By Carson Gerber
Tribune staff writer
DNA evidence led to the arrest of a Mississippi man Tuesday for the murder of Toni Spicer, a 27-year-old mother found beaten and strangled to death inside her Miami County trailer in 1992.
Indiana State Police arrested Timothy J. Jimerson, 52, D’Iberville, Miss., after a DNA match last year led detectives to the suspect in March. Jimerson is currently being held in a Biloxi, Miss., jail awaiting extradition to Peru to answer charges.
The arrest stems from incidents on Aug. 29, 1992, when a friend and Spicer’s two children, then 9 and 7 years old, found their mother dead at their home in Maple Lawn Village Trailer Court, just north of the Howard-Miami county line.

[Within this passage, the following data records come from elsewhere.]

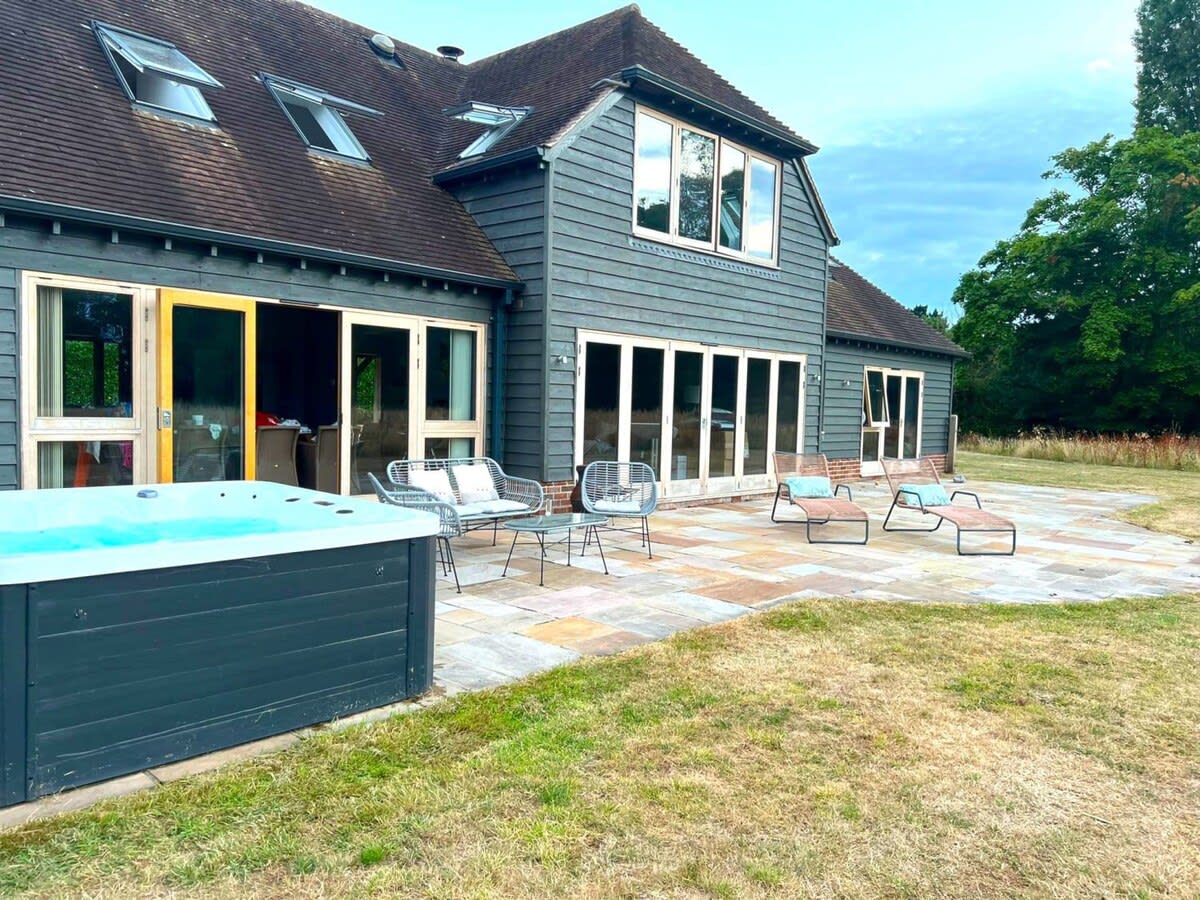 The home has a beautiful rear patio with outside furniture, sun loungers and hot tub.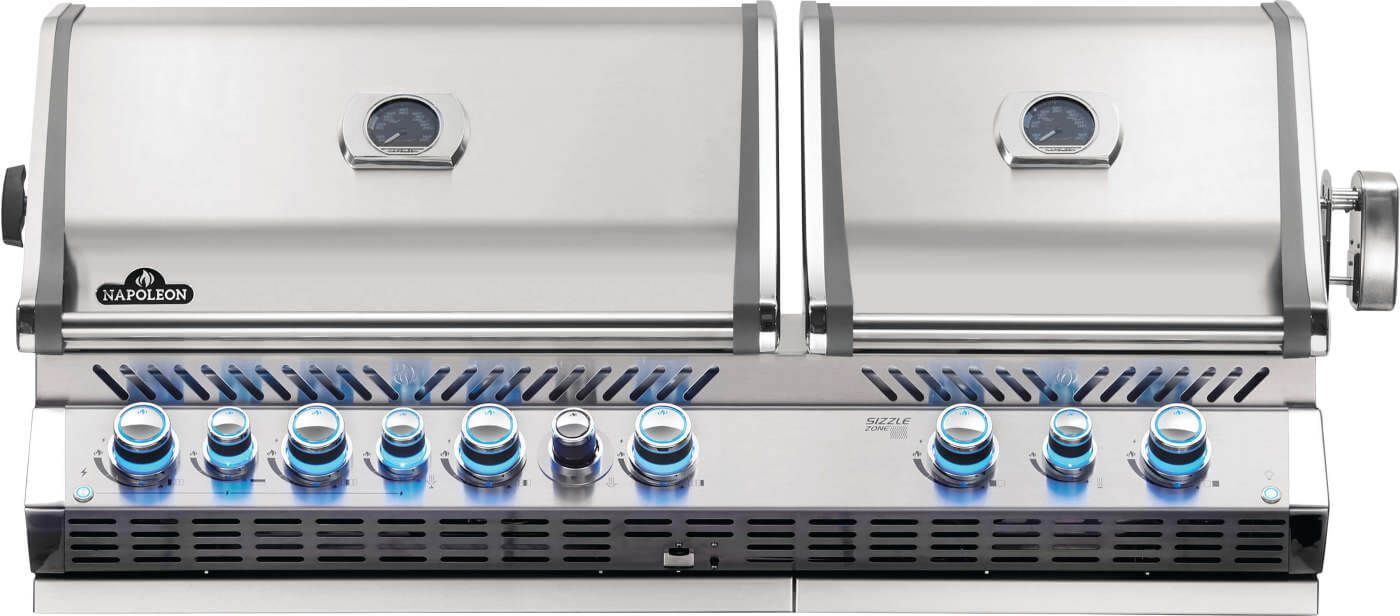 Two stainless steel gas grills with blue control knobs and closed lids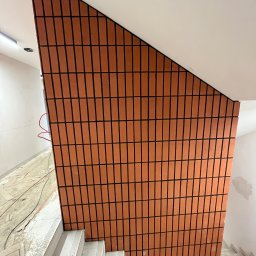 Pavlo Tsos - Ściana schodów wykończona ceglastymi płytkami z ciemną fugą, widok z dołu. Schody w trakcie prac wykończeniowych, widoczne kable i zabrudzenia.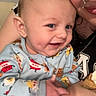 baby, child, adult, smile, pajamas, food_prints, dimples, face, hand, arm, piercing, necklace, indoor, person, holding, happy, cute, closeup, affection, bond
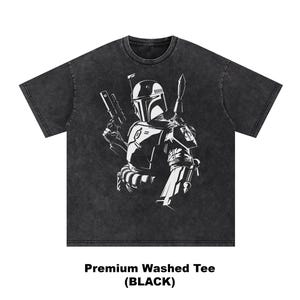 May include: Black washed tee featuring a white graphic of a helmeted character holding a blaster and a spear. The text "Premium Washed Tee (BLACK)" is printed at the bottom of the shirt. The tee has a crew neck and short sleeves.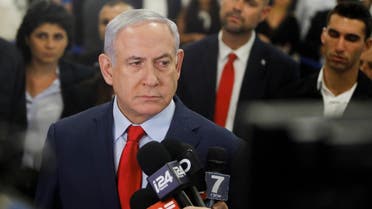 Israeli Prime Minister Benjamin Netanyahu talks to the press following a vote on a bill to dissolve the Knesset on May 29, 2019, at the Knesset in Jerusalem. (AFP)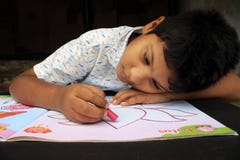 Child is playing with drawing books. Child coloring. Thoughtful expression.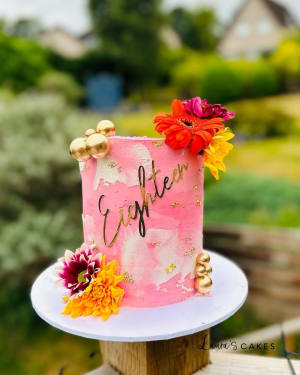 Celebration cake: A pink cake with gold and flowers on top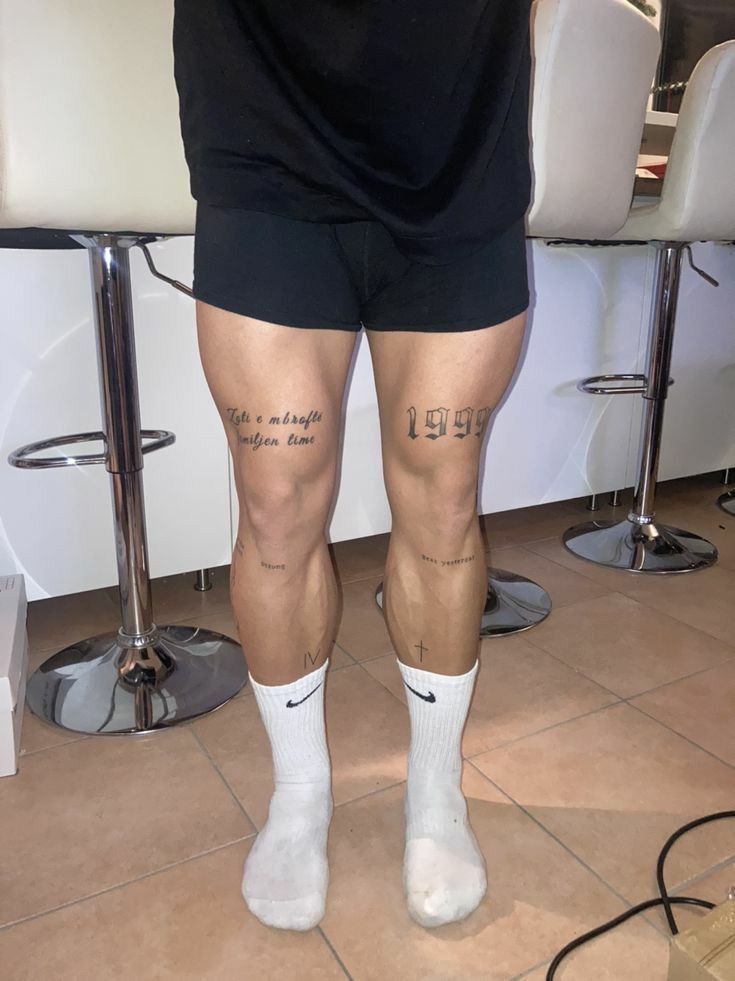 the legs and ankles of a man with tattoos on them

The probable cause affidavit states she had been beaten about the head, face and chest. An autopsy determined Spicer had been strangled.
Police have actively investigated the 20-year-old cold case, but leads over the years ultimately dead ended. Twice before, detectives submitted DNA samples for testing with no results.
But in June 2011, a DNA match consistent with Jimerson was found through the National DNA Database. Jimerson had served eight months in a Mississippi prison in 2010 for a felony DUI conviction, where police took samples of his DNA.
In March, detectives interviewed Jimerson at his home. According to the probable cause, Jimerson lived across the street from where Spicer was killed from 1990 until at least 1994.
The night of her death, Spicer was working at the Hip Hugger as a dancer. The affidavit states Jimerson was also at the bar that night, but police would not release details leading up to her death.
Detectives interviewed Jimerson again on Tuesday in Biloxi, where he stated he was responsible for the death of Spicer, according to the affidavit.
Miami County Prosecutor Bruce Embrey said the detailed and thorough crime-scene investigation in 1992 was a major factor in the DNA match being made.
He said a DNA match alone isn’t sufficient in most cases to identify a suspect as the perpetrator of a crime, but detectives spent the next few months after the DNA match investigating Jimerson and strategizing with prosecutors.
Embrey said he credits the arrest of Jimerson to the hard work of detectives, the officers involved in the original investigation and the cooperation of police in Biloxi.
“This was a big cold case, but it ain’t cold anymore,” he said.
The case was profiled by Crime Stoppers in 2001. In 2010, Indiana State Police and the Department of Corrections released a pack of cold-case playing cards featuring Spicer on one to jar inmates’ memories and perhaps lead to clues in the unsolved case.
Embrey said one of the most important results of Tuesday’s arrest was brining some kind of closure to the family, which has lived with the mystery of Spicer’s death for 20 years.